Ndumiso mentioned he then sells his share of the gold – one gram for $55, lower than the official price of about $77.
He mentioned he has a ready-made purchaser, whom he contacts through WhatsApp.
“The first time I met him I did not trust him so I told him to meet me in the car park of a police station. I knew I would be safe there.
“Now we meet in any automobile park. We have a scale. We weigh the gold on the spot. I then hand it to over to him, and he pays me in money,” he said, pointing out that he walks away with between $3,800 and $5,500.
He gets this amount every three months, meaning his average annual income is between $15,500 and $22,000 – far more than the $2,700 he earned as a legally employed miner.
Ndumiso said the gang leaders earned far more, but he did not know how much.

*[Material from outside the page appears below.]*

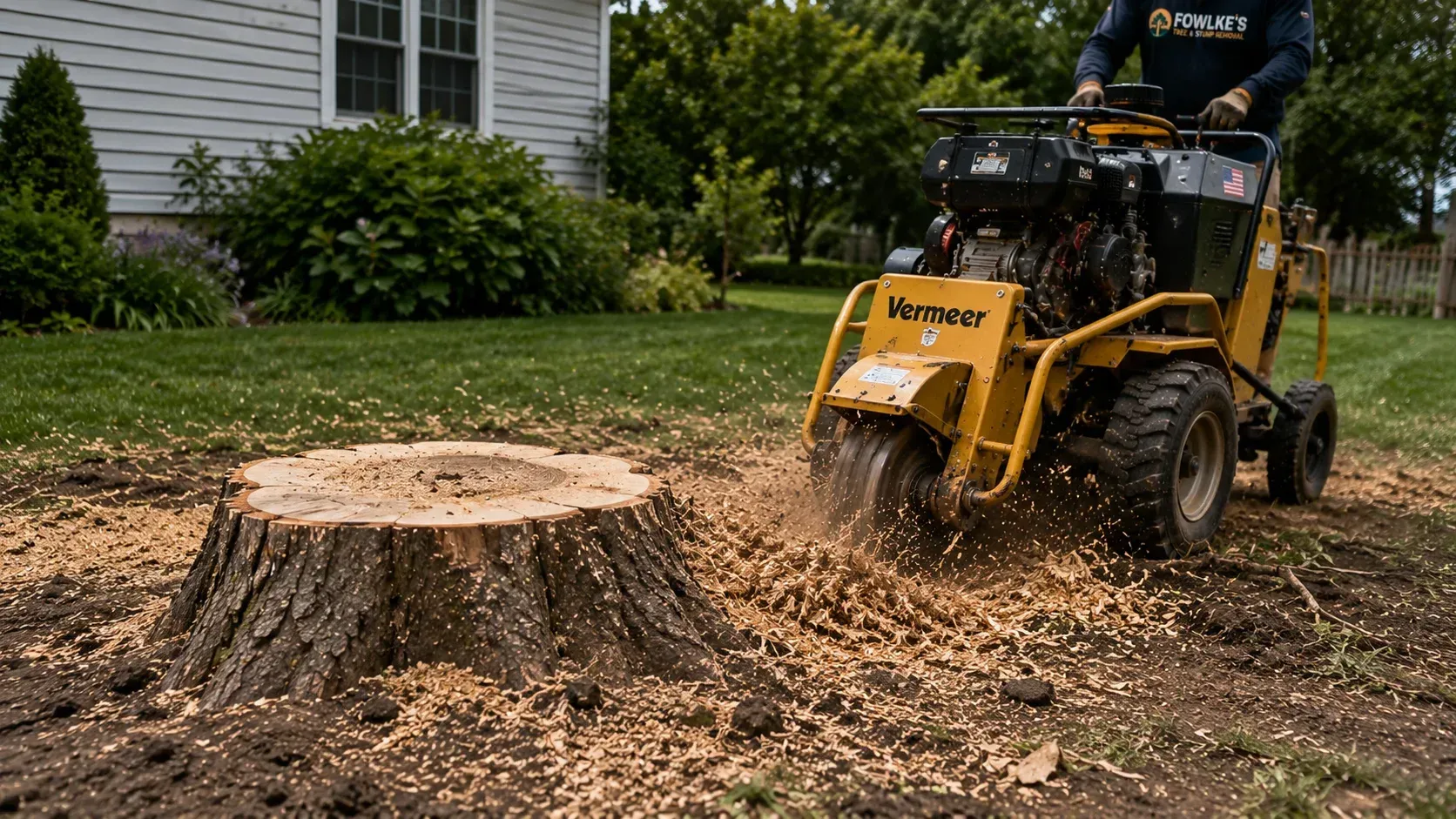 Stump grinding equipment by a stump, showing should you grind or fully remove a tree stump.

Getty ImagesAs for the buyer of his gold, Ndumiso said he did not know anything about him, except that he was a white man in an illegal industry that involves people of different races and classes.
This makes it difficult to clamp down on the criminal networks, with Mr Van Wyk saying the government was targeting miners – but not the “kingpins residing within the leafy suburbs of Johannesburg and Cape Town”.
Mr Ramaphosa said that illegal mining was costing “our financial system billions of rands in misplaced export earnings, royalties and taxes”, and the government would continue to work with mining firms “to make sure they take accountability for rehabilitating or closing mines which can be not operational”.
Mr Van Wyk told the BBC Focus on Africa podcast that the government would worsen South Africa’s economic crisis if it clamped down on the “zama zamas”.
“There needs to be a coverage to decriminalise their operations, to higher organise them and to control them,” he added.
When Ndumiso goes back underground to work, he takes with him cartons of canned food to avoid paying the exorbitant prices at the “markets” that exist there.
Apart from food, basic items – like cigarettes, torches, batteries – and mining tools were sold there, he said.
This suggests that a community – or a small town – had developed underground over the years, with Ndumiso saying there was even a red light district, with sex workers brought underground by the gangs.
Ndumiso said the mine where he worked was made up of several levels, and a labyrinth of tunnels that connected to each other.
“They are like highways, with indicators painted to provide instructions to completely different locations and ranges – like the extent that we use as the bathroom, or the extent that we name the zama-zama graveyard,” he mentioned.
“Some are killed by rival gang members; others die throughout rockfalls and are crushed by large boulders. I misplaced a buddy after he was robbed of his gold and shot within the head.”
Although life underground is perilous, it is a risk that thousands like Ndumiso are willing to take, as they say the alternative is to live and die poor in a nation where the unemployment rate stands at more than 30%.